__Data for analysis__:

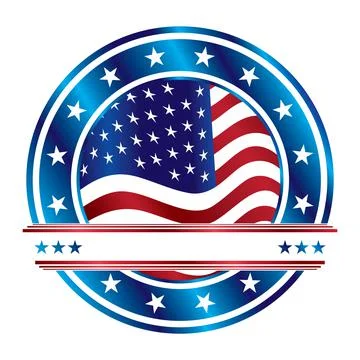 Patriotic badge 4 Stock Illustration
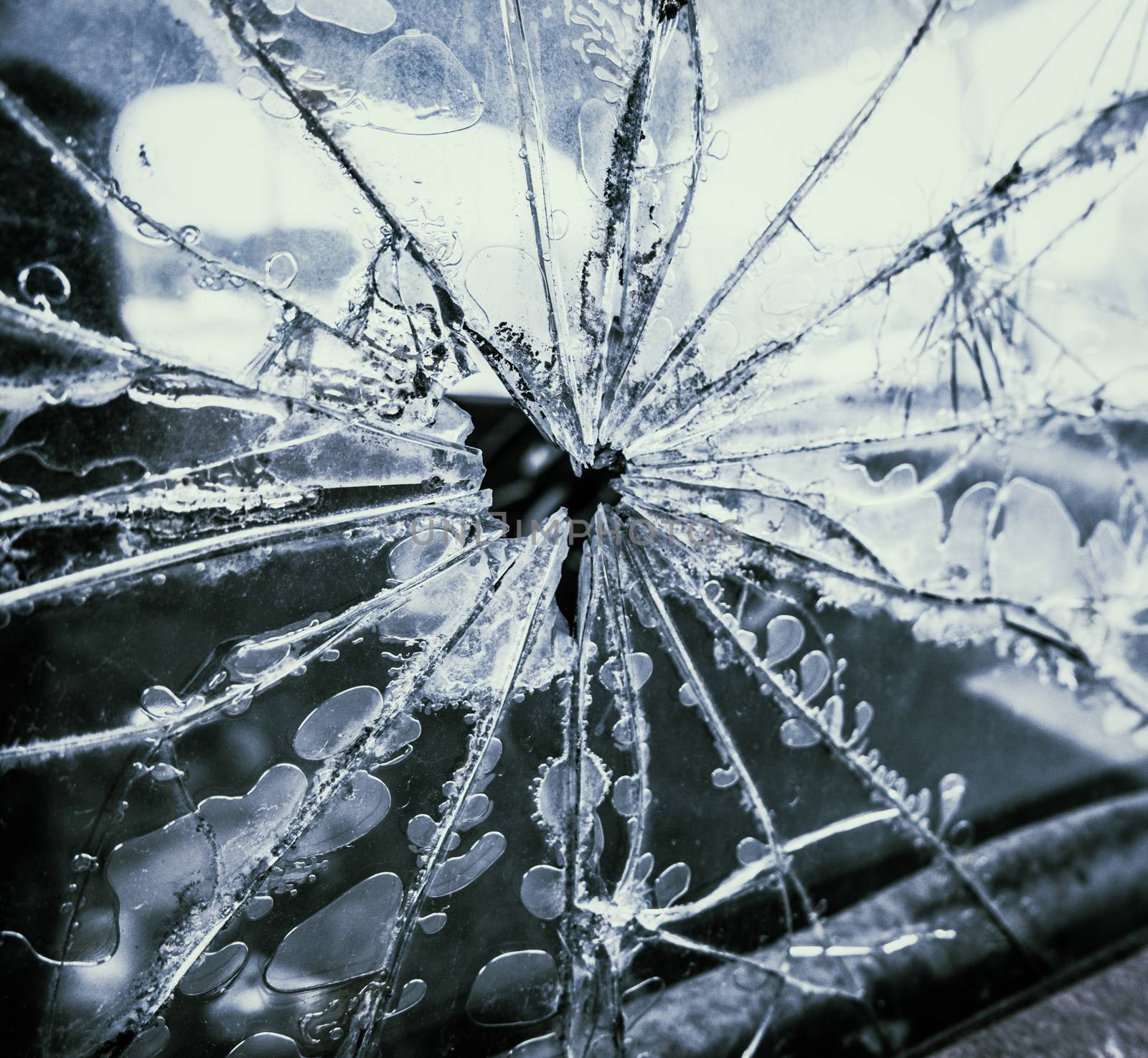 Conceptual Crime Image Of A Smashed Truck Window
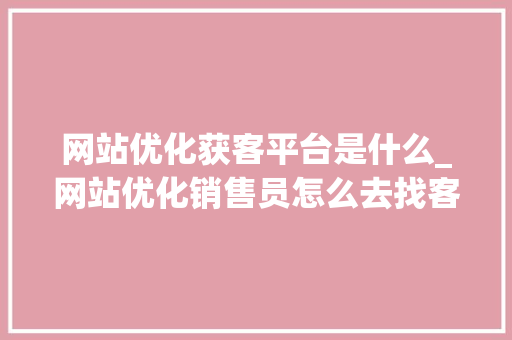 网站优化获客平台是什么_网站优化销售员怎么去找客户。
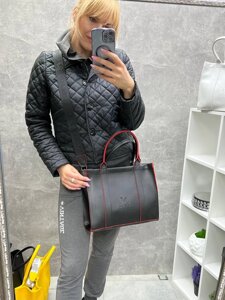 Чорна з червоним краєм - елегантна, стильна та вмістка жіноча сумка стриманого дизайну (0521)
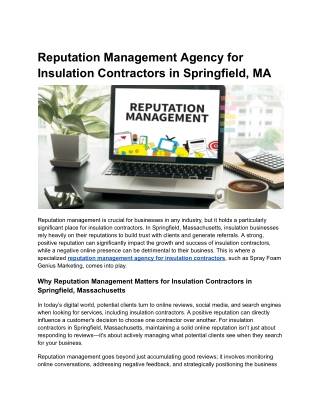 Reputation Management Agency for Insulation Contractors in Springfield, MA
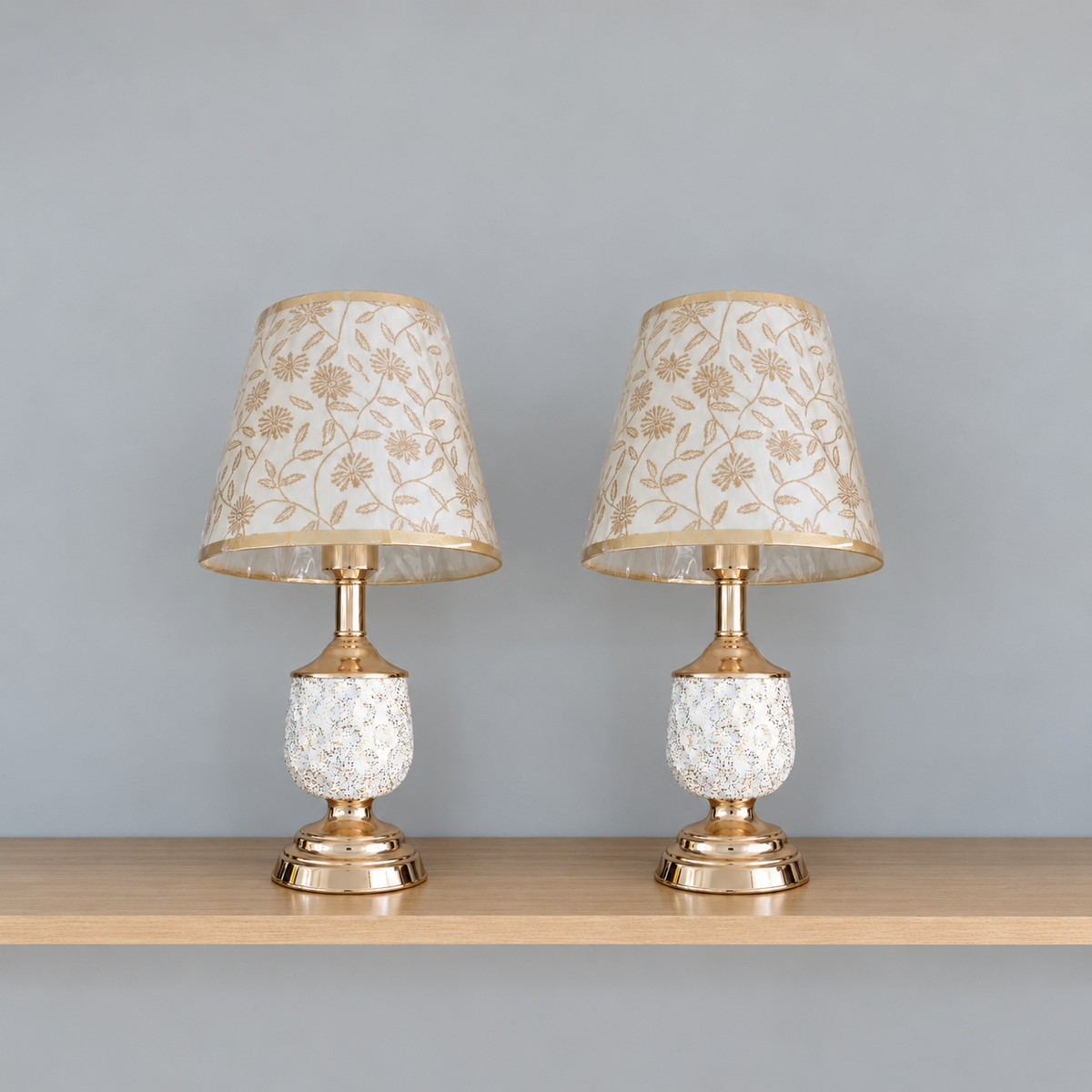 White & Gold Table Lamp Pair with Floral Shades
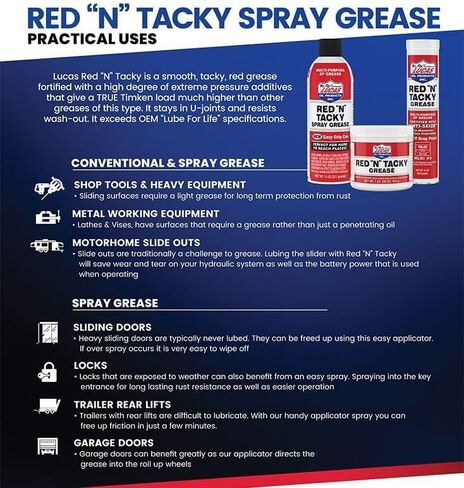 Multi Purpose Grease | Red N Tacky | Lithium Complex Grease | 2 Pack | 14 Ounce Cartridge (Red N Tacky, 2 Pack Tube) in Kuwait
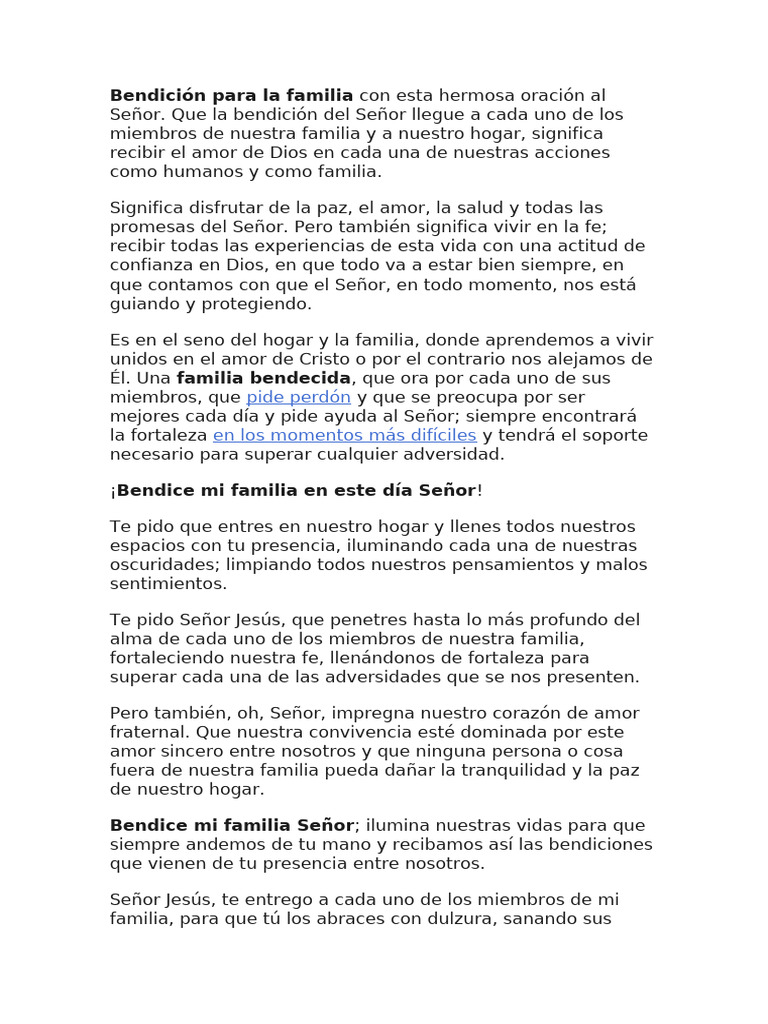 Oración para bendecir la familia y hogar | PDF | Amor | Oración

__Work instructions__:
If a line falls between the one containing "Conceptual Crime Image" and the last line of the entries above, both included, reproduce it exactly; leave the pictures out.

__Reply to the exercise__:
 Conceptual Crime Image Of A Smashed Truck Window
 网站优化获客平台是什么_网站优化销售员怎么去找客户。
 Чорна з червоним краєм - елегантна, стильна та вмістка жіноча сумка стриманого дизайну (0521)
 Reputation Management Agency for Insulation Contractors in Springfield, MA
 White & Gold Table Lamp Pair with Floral Shades
 Multi Purpose Grease | Red N Tacky | Lithium Complex Grease | 2 Pack | 14 Ounce Cartridge (Red N Tacky, 2 Pack Tube) in Kuwait
 Oración para bendecir la familia y hogar | PDF | Amor | Oración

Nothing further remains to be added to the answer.